The reward giveaway was more a Jon thing.  He was definitely the ringleader of it during the Touchy Subjects challenge in question here.

And as I recall, Natalie only volunteered the once to go to Exile, and that was when two people would be there, so it was a strategy move to shore up an alliance.

 

And it was Mike that broke the auction...

I'll defer to you as il miglior fabbro when it comes to Survivor knowledge!  I have a distinct memory of Natalie constantly giving away rewards and driving Probst up the wall with this aggressive generosity, but it could easily be a faulty memory. 

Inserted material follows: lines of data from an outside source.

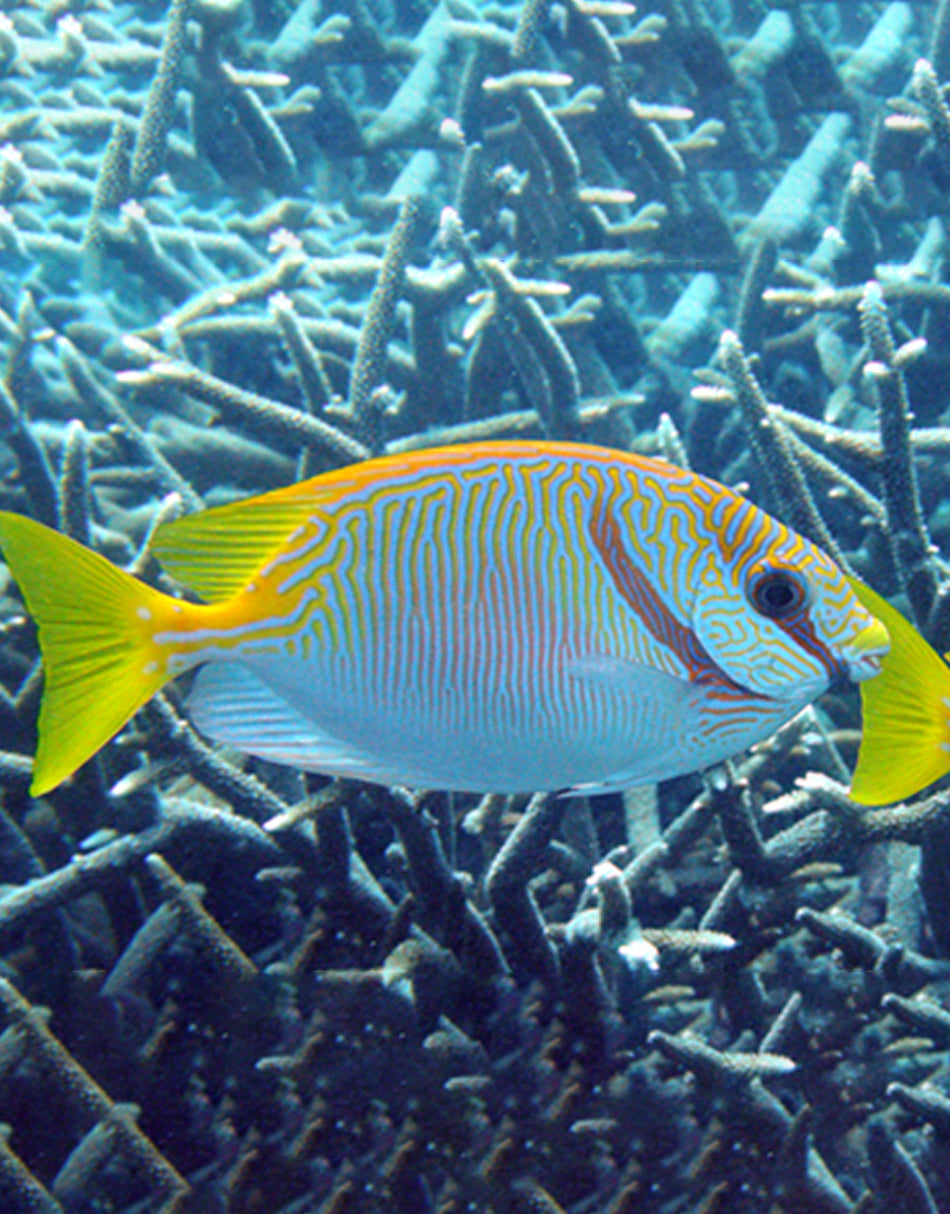 Barred Spinefoot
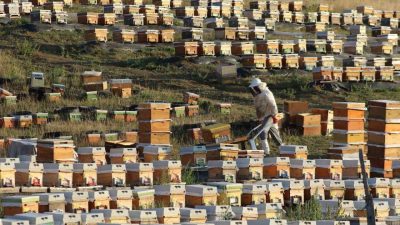 Bayburt’ta yüksek rakımlı yaylalarda organik yöntemlerle üretilen bal, hasat edilmeye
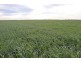 - Deniliquin-Barham Road, Deniliquin NSW 2710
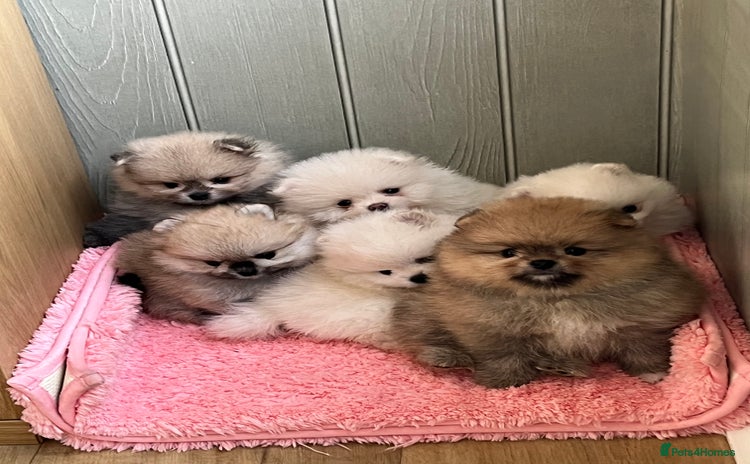 Pomeranian dogs - Advert 1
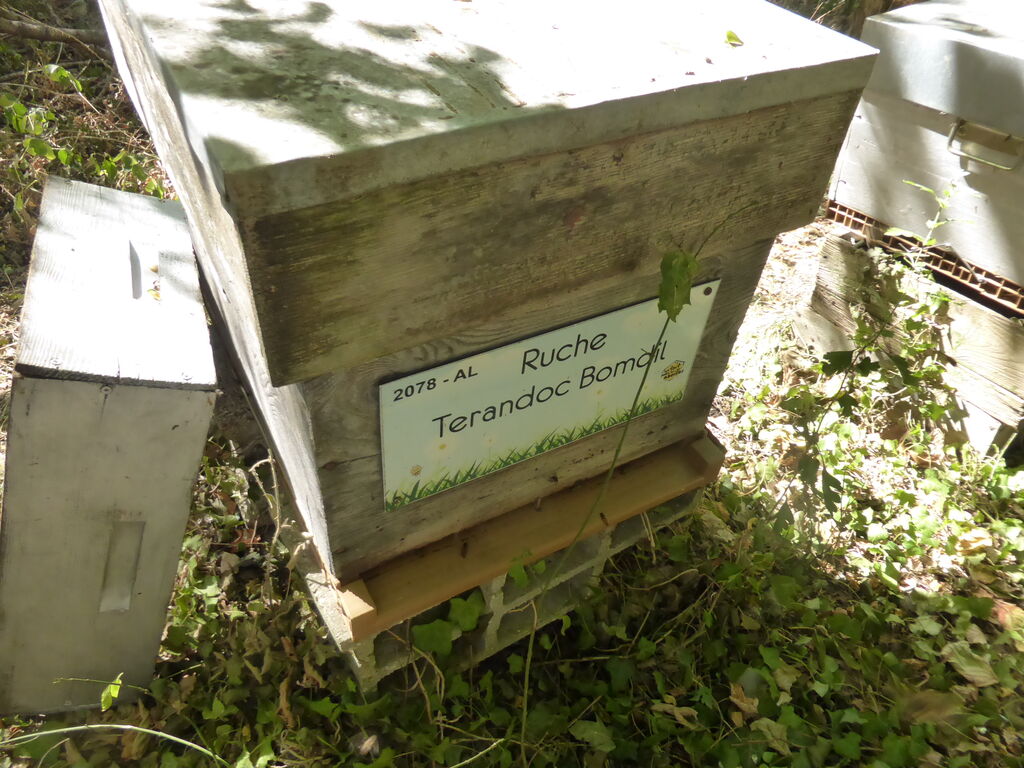 La ruche Terandoc Bomdil
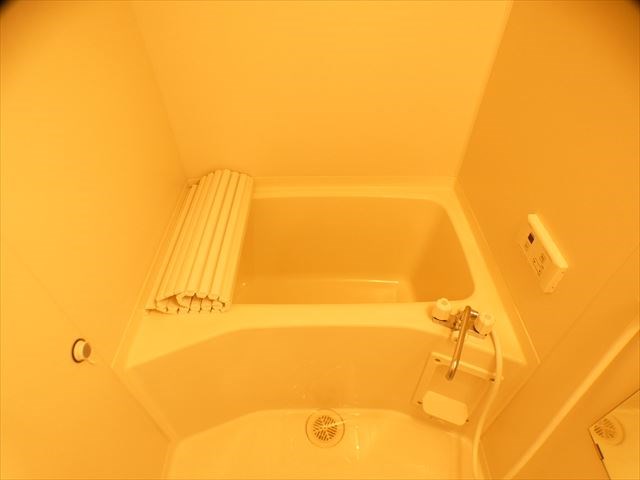 サンライズ田端Ⅰ     風呂画像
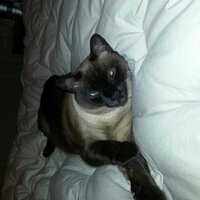 PrettyPrettyNiceNice (@carolequinn) 's Twitter Profile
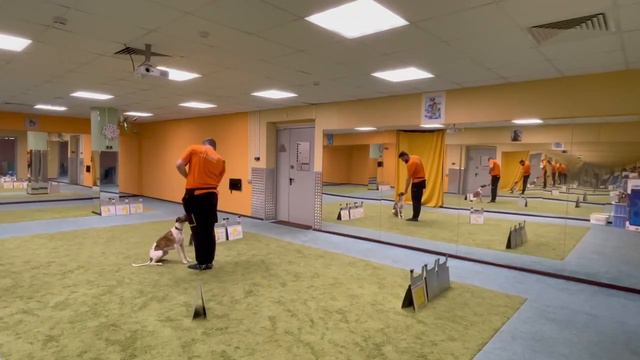 РО1Дебют Дзензель Дмитрий (вл.Макарова Алëна) Restless Whip Giuseppina(Пеппи) Кубок Панды 2022 смотреть онлайн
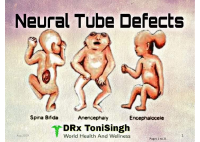 NTDs.pdf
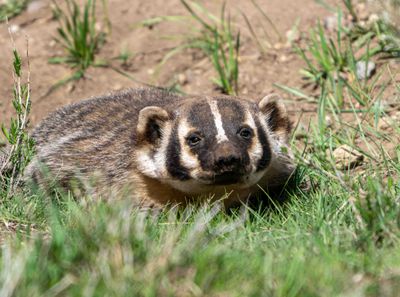 Badger Low to the Ground.jpg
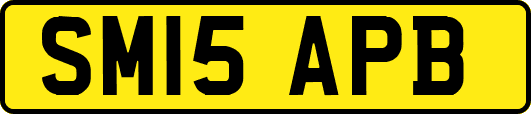 SM15APB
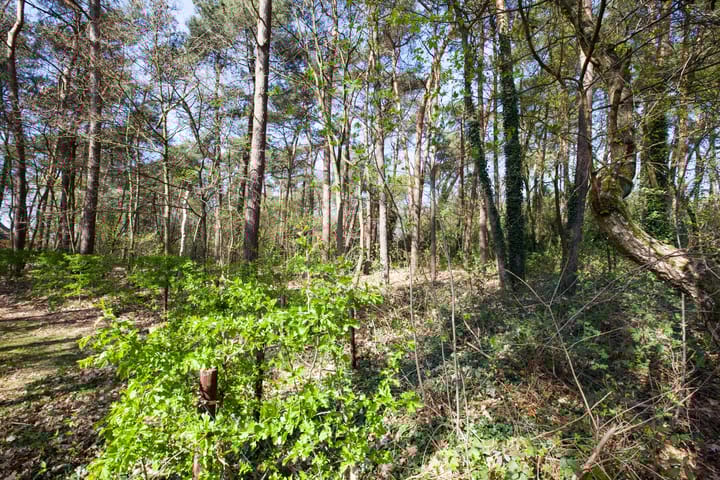 Photo 2 of Kattenbergweg bouwkavels plan Sylvestra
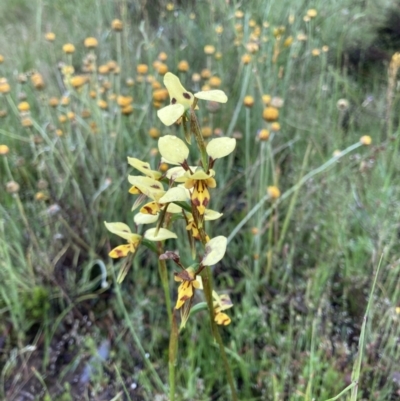 Diuris sulphurea (Tiger Orchid) at Bungendore, NSW - 13 Nov 2021 by yellowboxwoodland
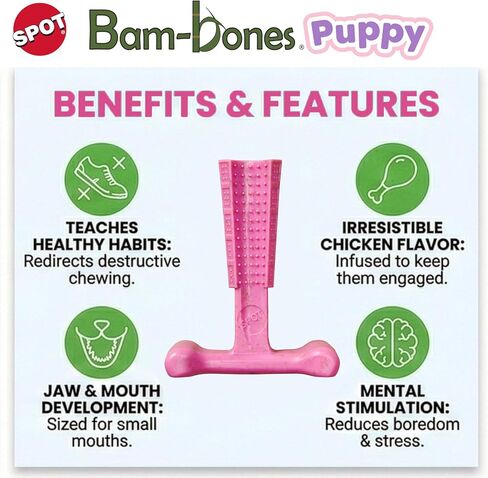 ألعاب مضغ الكلاب من SPOT Bam-Bones Puppy T-Bone، بنكهة الدجاج، 4 بوصات، عبوتان، ألياف الخيزران والمطاط المرن، تصميم سهل الإمساك للمضغ اللطيف والجراء والكلاب الصغيرة حتى 15 رطلاً in Kuwait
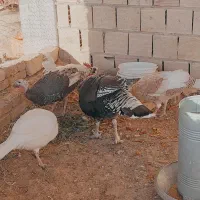 بوقلمون از ۳ نژاد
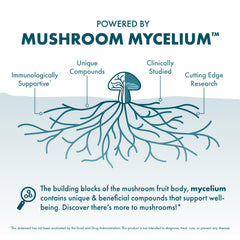 CordyChi featuring reishi mushrooms promoting balanced energy and calm.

But to my mind (not that I've ever seen the Worlds Apart auction) what Mike did was more like almost save it; the auction-ruining bullshit is people saving all their money for some advantage because min-maxing superfans on the Internet demand that this is the only possible move and if you don't do it you don't want to win, and it all coming down to a fucking rock draw with Tony winning the Tyler Perry Superidol because of course he would.  It was cool when Danni did it in Guatemala because she really really needed it and there was no way for her or anyone else to know that there was going to be an advantage (as far as I know?)  But once it's an economics textbook RATIONAL MOVE and everyone is saving their money then it's garbage.  Mike, if I understand it right, tried to betray everyone into spending their money so he could get the advantage, right?  That's at least something more interesting than nobody eating anything or taking a bath or having any fun but just being Utility Maximizing Rational Actors Responding to Incentives, and then pulling a rock literally to win the game.

The annoying thing is there's no reason for it -- they had advantages and disadvantages hidden in regular auction items for ages, and that was awesome.  Let them accidentally buy boiled bat soup and go straight to Exile without eating and be miserable with their useless money if they refuse to play.